Ist die traditionelle Medizin in Zeiten von Corona eine Gefahr für die Amazonasbewohner?
Das sollte sie nicht sein. Die Indigenen versuchen natürlich, zu verstehen, was sie da für eine Krankheit heimsucht, und mit ihren Mitteln gegen sie anzugehen: Sie sammeln Pflanzen, Wurzeln. Zusätzlich zu den gesetzlichen Hygienemaßnahmen haben solche Praktiken der Biomedizin durchaus ihren Sinn. Aber wir brauchen Dialog, einen Wissensaustausch. In vielen Dörfern wird bei der Versorgung mit Medikamenten gar keine Rücksicht auf die traditionellen Heilkonzepte genommen. Menschen wurden abhängig von Stoffen, mit denen sie nie in Berührung hätten kommen sollen. Das gab es alles schon vor der Pandemie.
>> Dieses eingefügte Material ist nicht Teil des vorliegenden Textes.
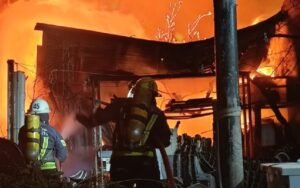 Voraz incendio en dos viviendas de Venado Tuerto: trabajaron cuatro unidades de Bomberos durante más de tres horas
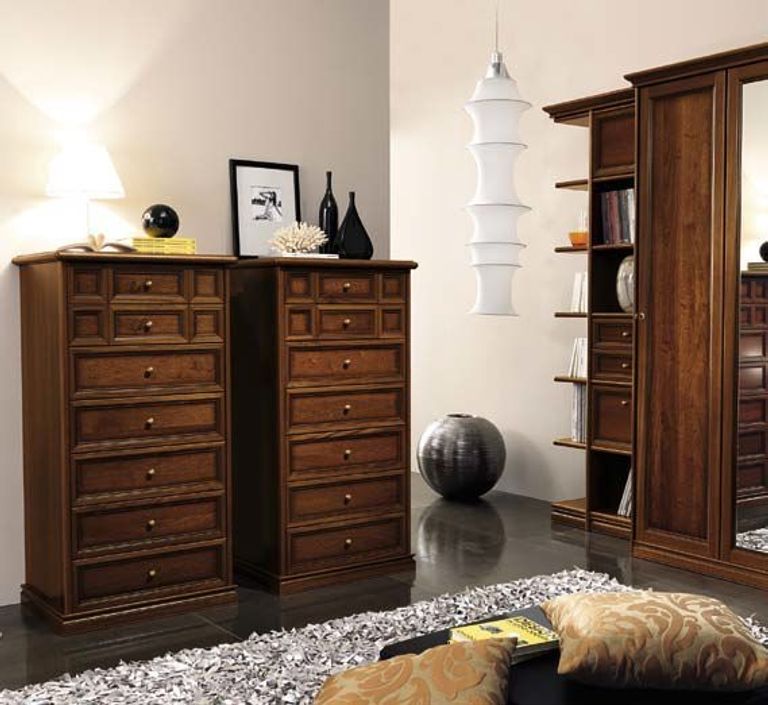 Nostalgia Chest - 7 Drawer - Tall - Walnut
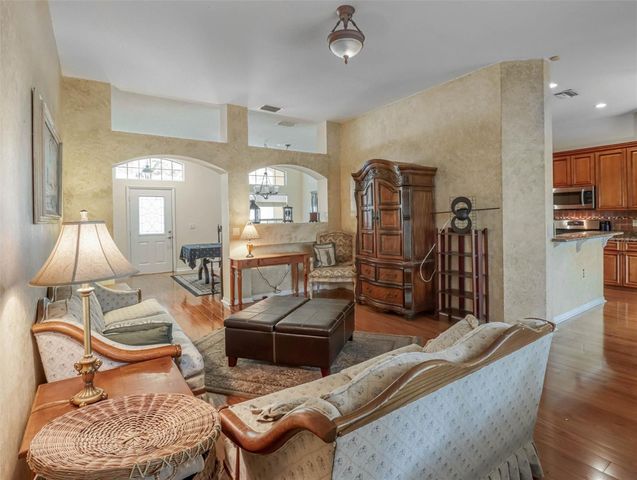 10110 WHISPER POINTE DRIVE, Tampa, FL 33647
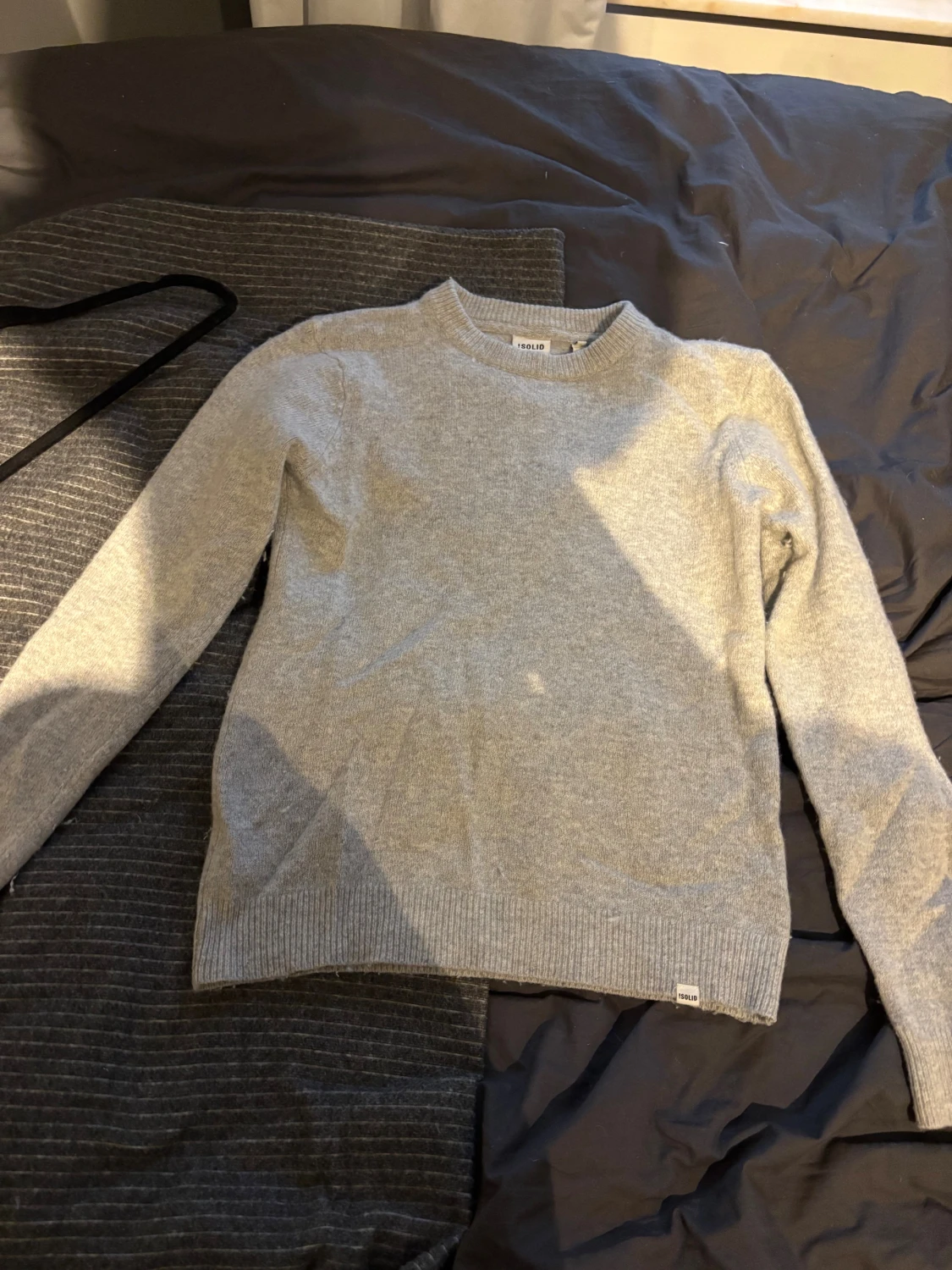 Ljusgrå stickad tröja från !Solid - 1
Wie viele Menschen sind denn ungefähr in Gefahr?
Der brasilianische Verein der indigenen Völker hat vergangene Woche 113 Tote und 610 Infizierte in 44 besuchten Stämmen gezählt. Das Gesundheitsministerium veröffentlicht andere, niedrigere Zahlen. Das mag zunächst nicht besonders gravierend klingen. Aber ich sage es nicht zum ersten Mal: Es besteht das Risiko eines Genozids. Indigene Bevölkerungsgruppen gibt es in allen Staaten des Landes. Sie haben unterschiedliche Arten von Kontakten und Konflikten. Einige leben in der Peripherie der großen Städte, wo es gigantische Probleme beim Zugang zur Gesundheitsversorgung gibt. Andere sind gänzlich isoliert. Spezialisten haben immer wieder auf die Gefahr der kompletten Auslöschung der traditionellen Gemeinschaften hier im Land verwiesen. Das Übertragungsrisiko, das haben die vergangenen Wochen gezeigt, ist erheblich. Es gab schon andere Epidemien, die ganze Volksstämme ausgelöscht haben.
Sofia Mendonça ist Koordinatorin des Gesundheitsprojekts für indigene Volksgemeinschaften am Xingu-Flussbecken im Amazonasgebiet. Sie fürchtet, der Virus könnte ähnliche Auswirkungen haben wie frühere Ausbrüche hochansteckender Erkrankungen wie Masern.
Aus dem Portugiesischen von Elena Witzeck
Traditionelle Volksgemeinschaften in Brasilien
Etwas mehr als 200 verschiedene indigene Volksgruppen leben in Brasilien. Anfang des 20. Jahrhunderts sank ihre Zahl erstmals unter eine Million. Die Guarani sind die größte Volksgruppe. Vor dem Kontakt mit den Europäern gab es 1,5 Millionen Guarani, heute sind es noch 30.000. Noch immer werden traditionelle Volksstämme, die sich gänzlich isoliert haben, beim Überfliegen des Regenwaldes entdeckt.